A crowd gathered in Morrisville and looked up at the North Carolina Army National Guard’s newest version of the Apache Helicopter hovering in the sky.
“The AH-64E Version 6 aircraft is the most sophisticated, complex, modern aircraft in the army inventory,” said Lt. Col. James Bond.
Bond, the Battalion Commander of the 1-130th Attack Battalion, joined several others for an acceptance ceremony at the North Carolina National Guard Army Aviation Flight Facility #1 in Morrisville.
The 1-130th Attack Battalion is the second Army National Guard unit to introduce the new copter.
“It’s a huge leap of what we transition from,” Bond said.
Speakers with the North Carolina Army National Guard said the Apache helicopters bring multiple enhancements to the aircraft’s navigation, weapon, and communication system.
“This particular aircraft allows us to, what we refer to, fly in instrument meteorological conditions… so we fly in the clouds,” Bond said. “That’s something we haven’t been able to do in the past.”
During the ceremony, speakers also noted the recent helicopter crashes across the country. The crowd also took a moment of silence for two members of North Carolina National Guard who died after an Apache helicopter crash in May of 2005. The crash happened near the Cape Fear River.
Brigadier General Jeffrey Copeland, who also spoke during the ceremony, said, “Commanders and leaders at all levels are doing everything possible to prevent accidents and protect our most precious resource — and that’s our personnel.”

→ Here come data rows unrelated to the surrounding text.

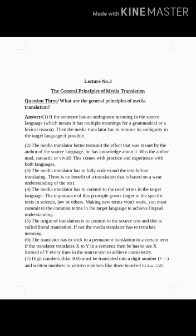Principle number six: the media translator, and translators in general, have to stick to a permanent, consistent translation for a certain term. If the translator translates X to Y in one sentence, then he has to use Y instead of X every time it appears in the source text, to achieve consistency. على المترجم الإعلامي أن يلتزم بترجمة ثابتة ودائمة لمصطلح معين، لتحقيق مبدأ الثبات أو الاتساق.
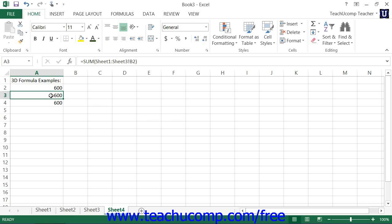If we look at the example from the last lesson, where we had a 3D cell range reference that was used to create a formula, you can see that a 3D cell range is one cell range that spans through several sheets.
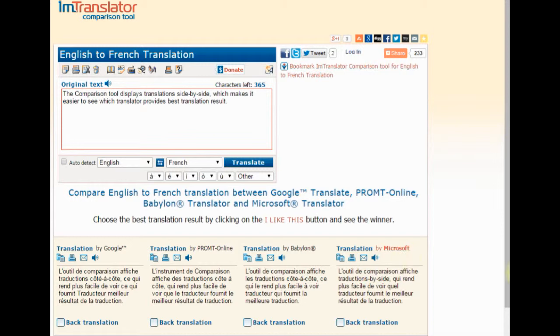So, compare translations, make your choice, and click the I like this button to see the winner.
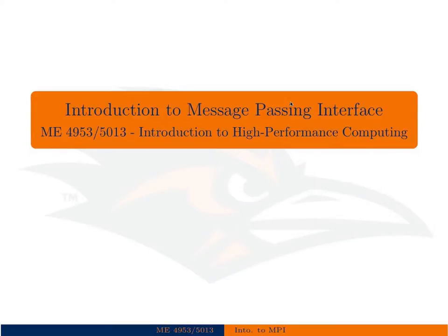All right, this lecture is going to be an introduction to the message passing interface, or MPI. We've already talked about it a little bit in the introduction of parallel computing. It's most useful for and is the de facto standard for distributed memory parallel computing.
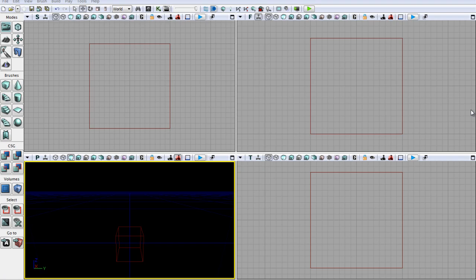Hello and welcome to our 13th UDK tutorial. In this tutorial we are going to learn about material expressions and we are also going to create our very first material.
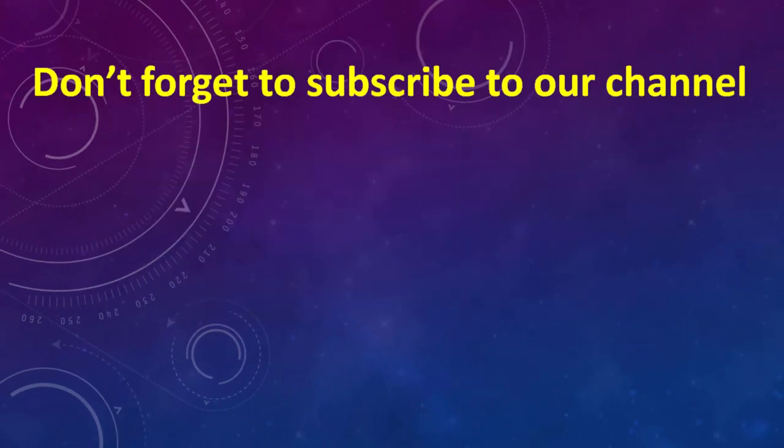That's all in this tutorial, don't forget to subscribe to our channel, see you in the next tutorial, bye.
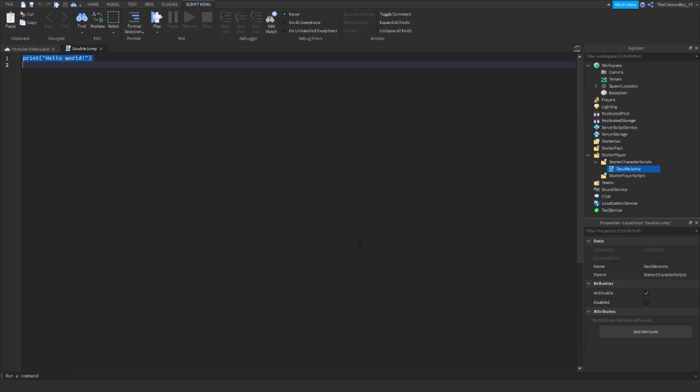Also make sure you get all the capitalization correct and type everything exactly how I type it, because Roblox scripting is case sensitive and it will probably not work if you type anything different.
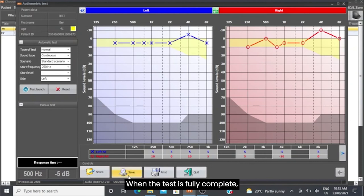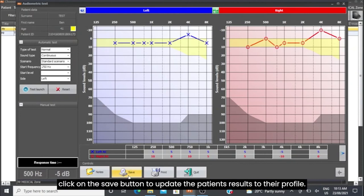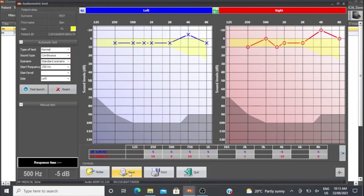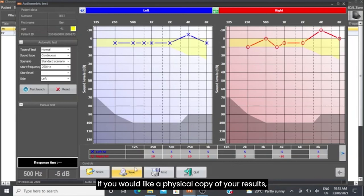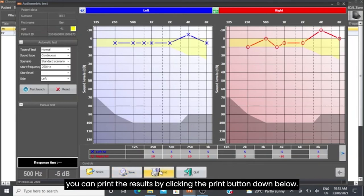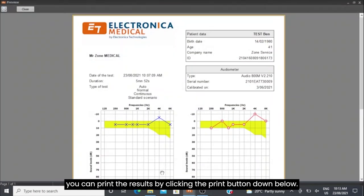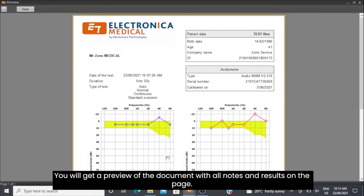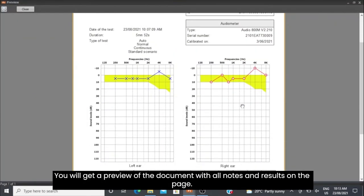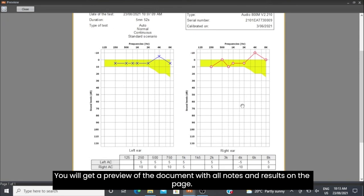When the test is fully complete, click on the Save button to update the patient's results to their profile. If you would like a physical copy of your results, you can print the results by clicking the Print button down below. You will get a preview of the document with all notes and results on the page.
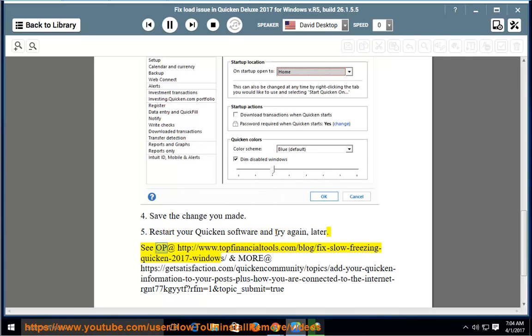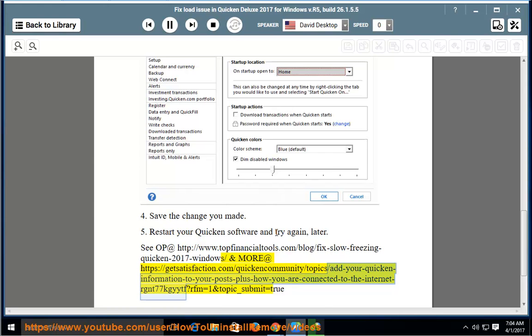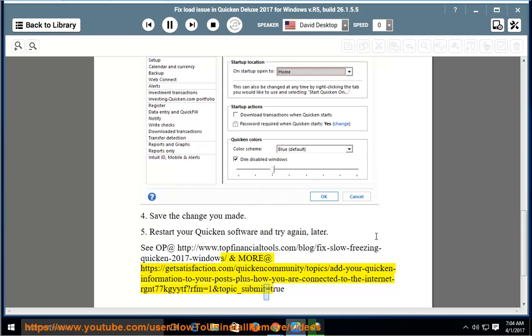See original post at http://www.topfinancialtools.com/blog/fix-slow-freezing-quicken-2017-windows and more at https://getsatisfaction.com/quicken/community/topics/add-your-quicken-information-to-your-posts-plus-how-you-are-connected-to-the-internet.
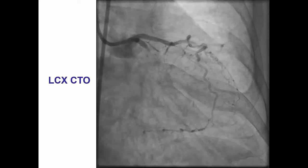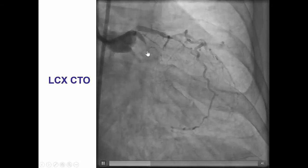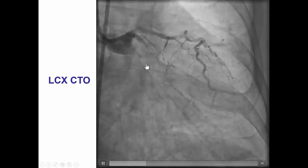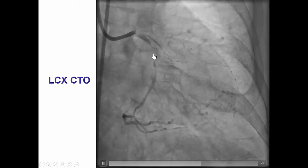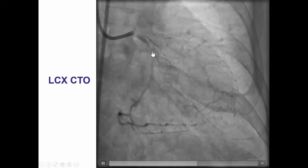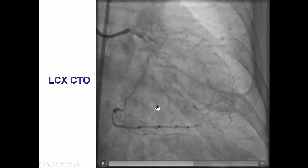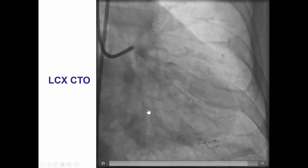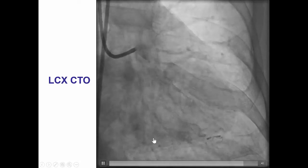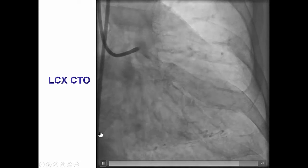Diagnostic angiography demonstrates a proximal circumflex occlusion. It has a nice tapered entry and is relatively short. However, there is a bifurcation on the distal cap with a large obtuse marginal branch as well as the distal circumflex reconstituting at the distal cap. The collaterals, as is the case in most circumflex CTOs, are epicardial, coming mainly from the distal left anterior descending artery, and they could potentially be used, but they are small and tortuous.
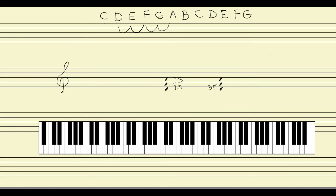Now what if we measure from D all the way up to A — from the first note to the last note of this triad? Let's do that. We go D 1, E 2, F 3, G 4, A 5 — which means D to A is a fifth. So D to F is a third, and D to A is a fifth.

With the new enhancements, Bond said their aviators are already going through intense training.
“We go through a very intense mission approval process. Even before we go out and get in the aircraft, we’re talking with our instructor pilots, we’re talking with our senior aviators walking through the briefing and approval process.” Bond added, “We’re making sure that when these aircraft take off with our personnel inside, that they’re coming back safely.”
Bond said the unit is now training with 10 of the new helicopters that are currently at the site. He said the North Carolina Army National Guard will have a total of 24 by mid-July.
“When the public sees us up in the air, we’re part of your local community, we’re actually in your community. And when you see us, we’re learning and building our proficiency level, so ultimately we can win our nation wars.”